Margarine struggles to replace butter until government drops taxes and restrictions.
Meanwhile, there was another pioneering food item delivering hydrogenated oils to Americans: margarine.IX Compared to Crisco, margarine had a far more mixed reception. For one, it didn’t arrive in a class of its own, like Crisco. And it was intended not just for cooking but for direct consumption. Margarine replaced butter, a symbol of America’s pure and hallowed heartland, and was therefore far more suspect. As the first ersatz food to be widely manufactured, it raised a near-metaphysical question about the essential nature of food. What should a person make of a butter substitute? Artificial food products were not the norm in the early twentieth century. There were no imitation crab cakes, meatless “sausages,” or coffee “whiteners.” Now we’re fairly blasé about the coconut oil that might be masquerading as cheese, but back then food was still pretty much as it had been for generations. Thus, margarine “and its kindred abominations” were considered a “mechanical mixture” created by “the ingenuity of depraved human genius,” as Minnesota governor Lucius Frederick Hubbard declaimed in the 1880s. It was common to call margarine manufacturers “swindlers” and their trade “counterfeiting.”X
On the other hand, margarine was cheaper than butter, and that was its main appeal for housewives, who slowly began to embrace it. The dairy industry reacted fiercely, lobbying for an unparalleled number of taxes and other restrictions on margarine. From 1917 to 1928, bills attempting to protect the dairy industry from margarine were introduced in every session of Congress, although most died in committee. The federal government passed four major pieces of margarine legislation, the last of which, in 1931, almost entirely prohibited the sale of all yellow-colored margarines (white margarines that did not imitate butter were considered more acceptable). State governments also passed their own laws, with varying degrees of restrictions on margarine sales.
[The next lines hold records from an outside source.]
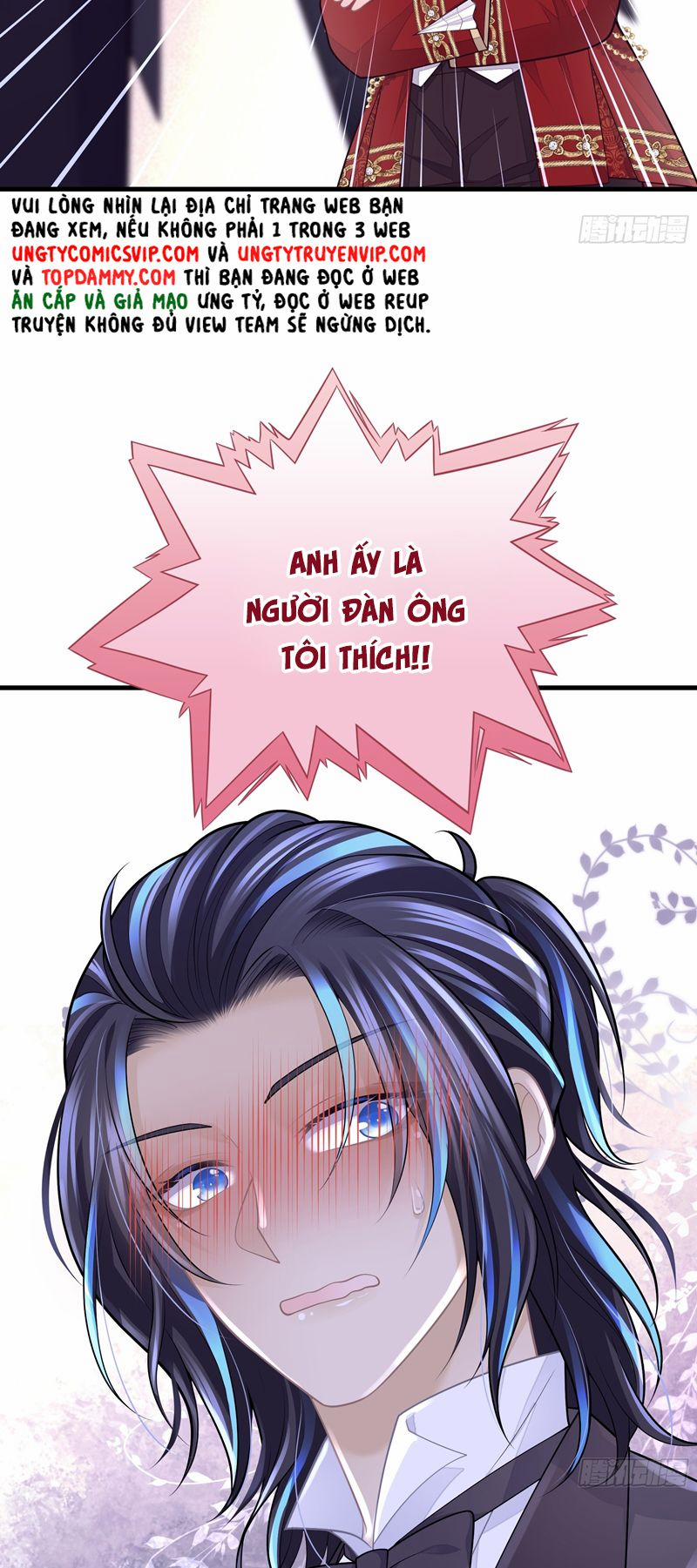 Tôi Nghi Ngờ Hệ Thống Thích Tôi 84 trang 21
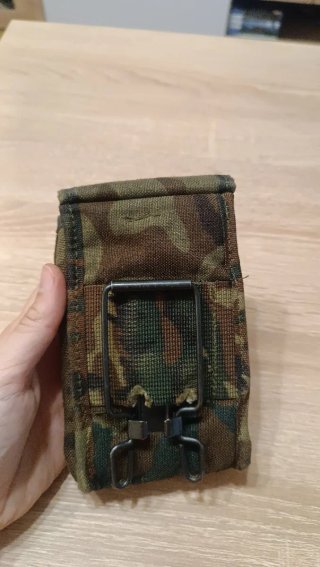 Bolsillo Táctico Militar Camuflaje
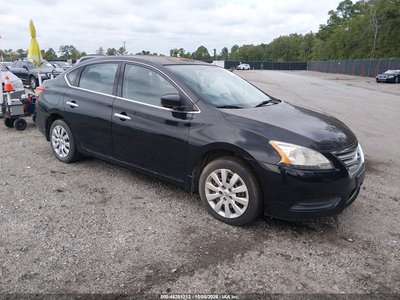 3N1AB7AP3FY****** 2015 Nissan Sentra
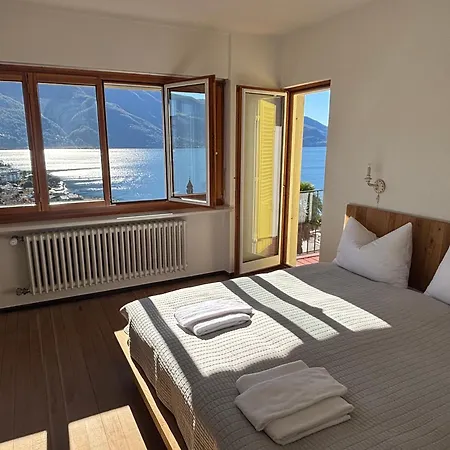 شقة Casa Collina أسكونا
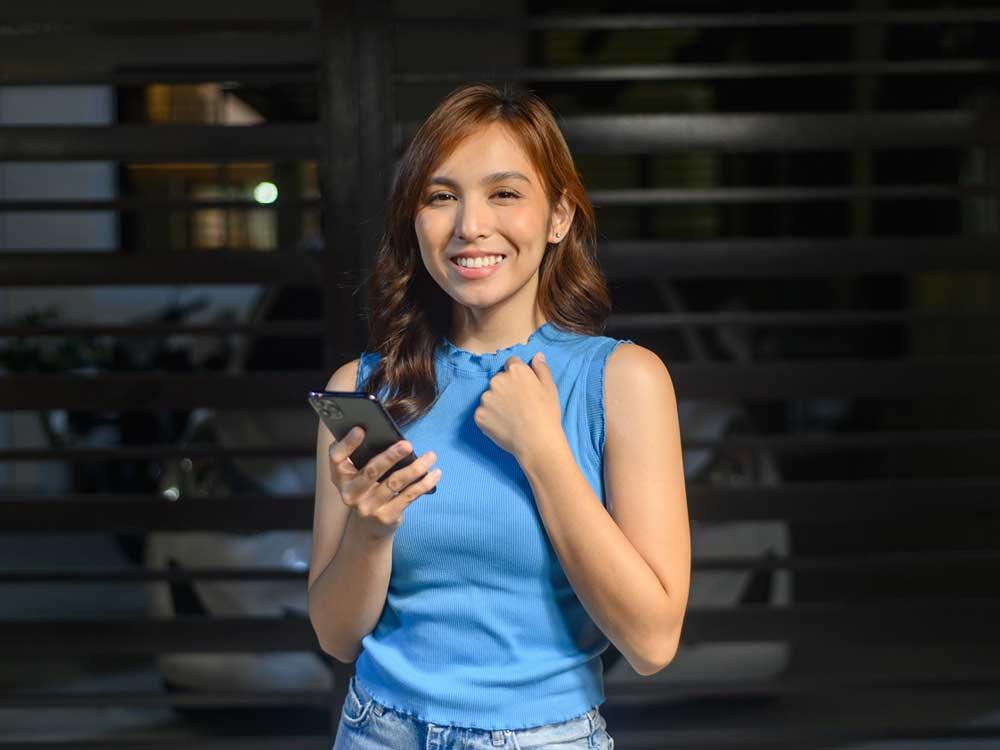 Kyline Alcantara as Gwen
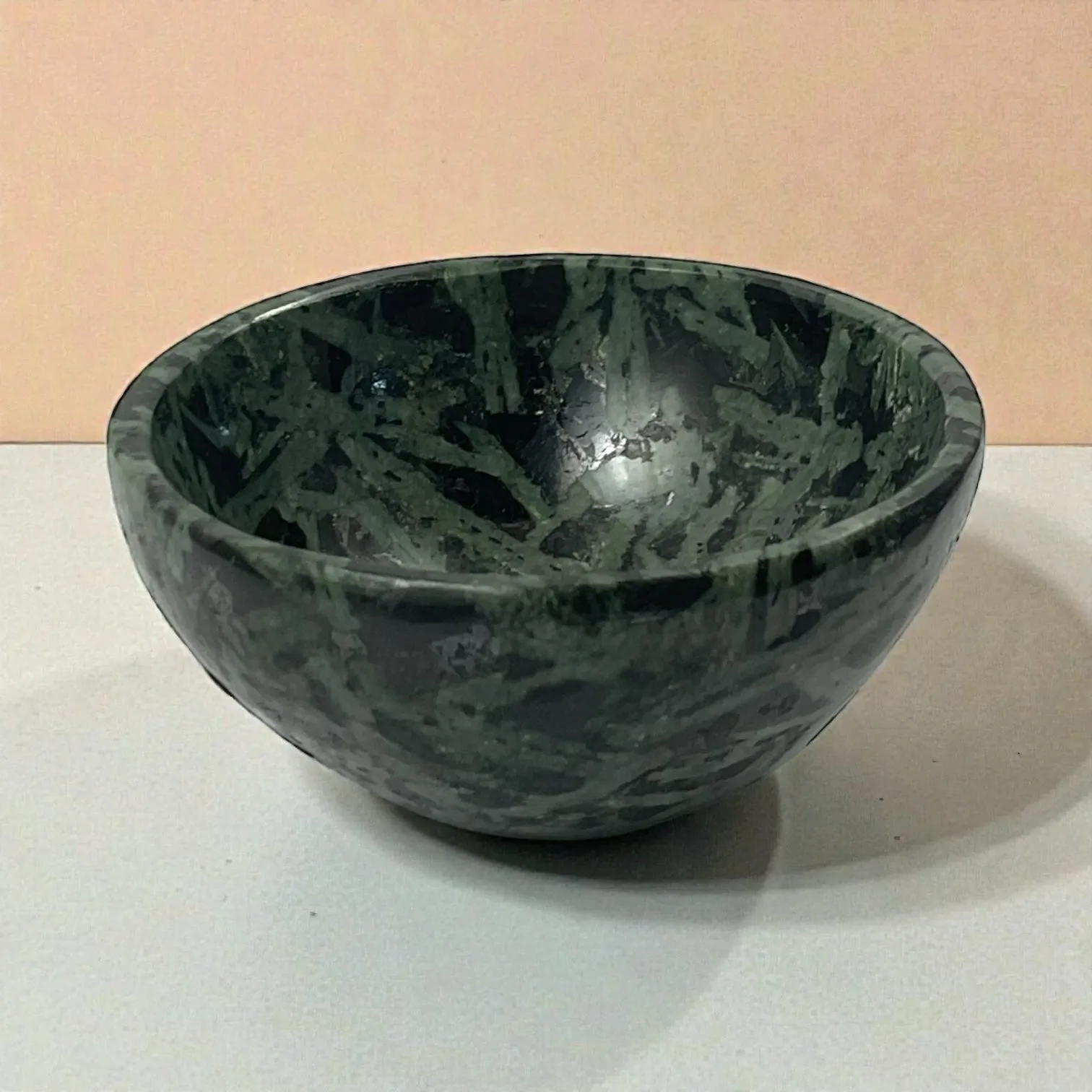 Kambaba Jasper Bowl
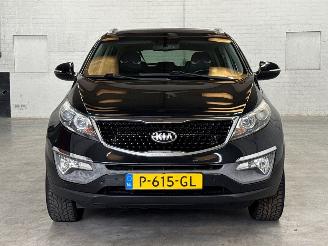 Kia Sportage 1.6 GDI 16V 4x2 Jeep/SUV  Benzine 1.591cc 99kW (135pk) FWD picture 8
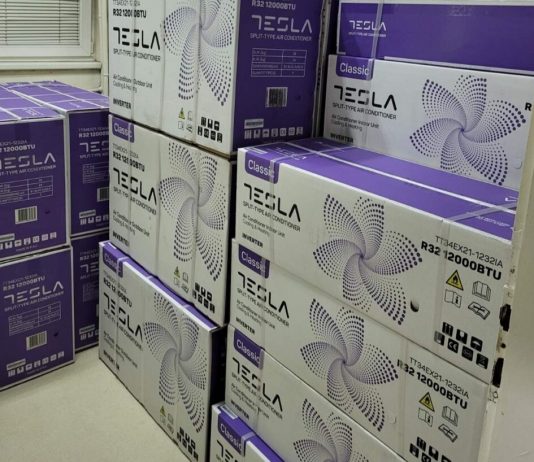 Udruženje Prijepoljaca u Beogradu darovalo 15 klima uređaja Opštoj bolnici u Prijepolju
In a nod to how ludicrous the legislation became, a Gourmet magazine cartoon showed an elegantly dressed woman standing before her seated guests at a dinner party, announcing, “In accordance with Title 6, Section 8 Chapter 8 of the laws of this state, I wish to announce that I am serving oleomargarine.” And newspapers commonly recounted stories of housewives carpooling across state borders to buy margarine where laws weren’t so strict.